§ Goal of the exercise:
The copy you give must match the listing below exactly and contain no pictures.

-- Input data follows --

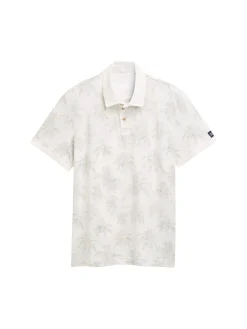 Herren Tom Tailor Poloshirt mit Muster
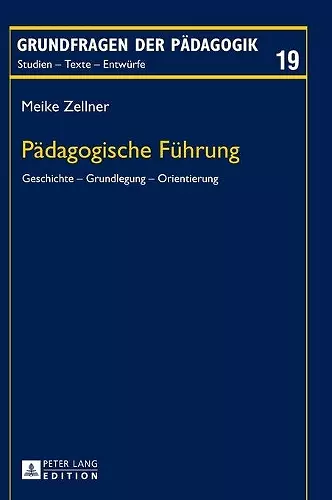 Paedagogische Fuehrung cover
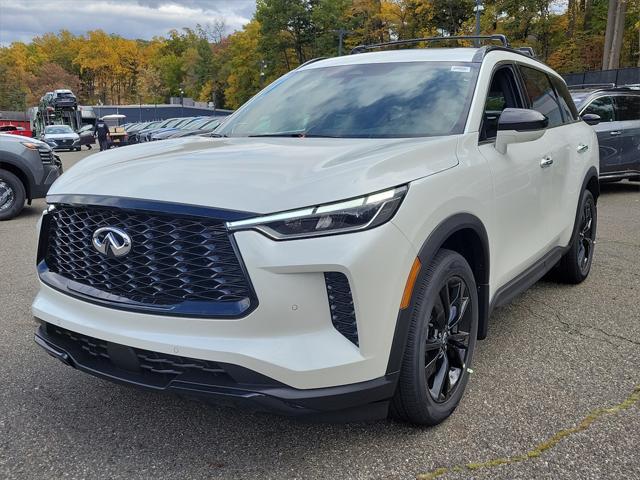 new 2025 INFINITI QX60 car, priced at $63,510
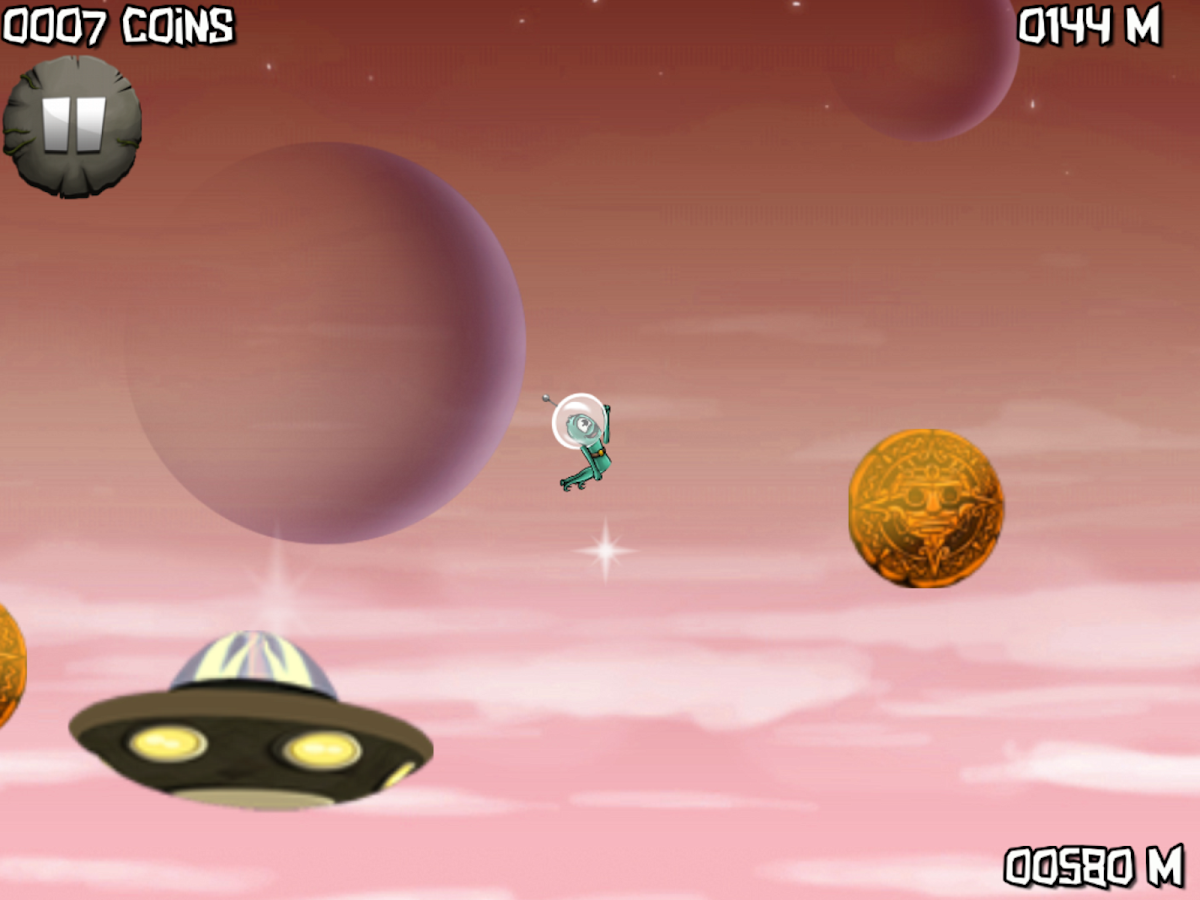 Rope Escape - screenshot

-- Input data concluded --

§ Completed task:
 Herren Tom Tailor Poloshirt mit Muster
 Paedagogische Fuehrung cover
 new 2025 INFINITI QX60 car, priced at $63,510
 Rope Escape - screenshot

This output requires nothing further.